3. Reputation and Goodwill

A company’s reputation and goodwill are valuable intangible assets that impact its growth, profitability, and long-term sustainability. A strong reputation can enhance customer trust, brand loyalty, and competitive advantage, while a negative reputation can lead to financial losses, regulatory scrutiny, and operational challenges.

Before acquiring a business, you should conduct a comprehensive reputation assessment to determine its public perception and standing within the industry. This can be achieved by analyzing news reports, online reviews, and customer feedback or complaints. 

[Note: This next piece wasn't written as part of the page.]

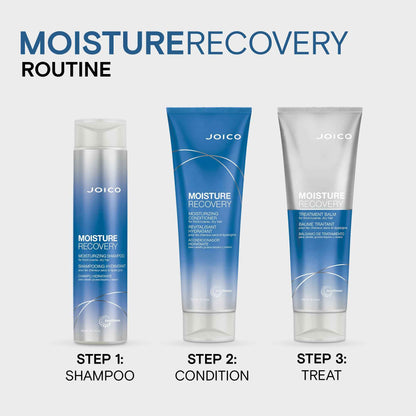 Joico Moisture Recovery Shampoo or Conditioner for Dry Hair, Thick Coarse Hair, Moisturizing Shampoo or Conditioner for Dry Damaged Hair with Keratin 🍁 All In One Marketplace Canada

Additionally, engage with industry stakeholders, suppliers, and former employees to provide deeper insights into the business’s credibility. That way, you can develop strategies to either leverage an existing positive brand image or implement corrective measures if needed.

4. Operational Knowledge

A business acquirer must understand the target business’s operations to ensure a seamless transition after acquisition. Key areas to evaluate include working capital, which involves assessing current assets and liabilities to determine financial flexibility.

Also review the supply chain, including vendor relationships and procurement processes, to identify potential risks or inefficiencies. Additionally, analyze the capital expenditure of the company to have an insight into its past investments and future financial commitments.

5. Consider the Legal Liabilities

Checking for any ongoing or pending lawsuits against the company or its key officers is an important part of due diligence. This helps uncover legal risks such as debts, court judgments, or regulatory issues that could affect the company’s finances or reputation. Identifying these risks early ensures they are properly addressed before completing the acquisition.

Conclusion

In conclusion, acquiring a business can be a strategic way to achieve profitability faster, but it comes with huge responsibilities and risks. A thorough assessment of the company’s legal, financial, and operational aspects, including pending litigation, employee structure, and overall business viability is important to ensure a smooth transition. 

We advise that acquiring companies must engage professionals like Lawyers, accountants, and business consultants to provide valuable insights and guidance. They will also help to mitigate risks and maximize the benefits of the acquisition. With careful planning and due diligence, the transition can be seamless.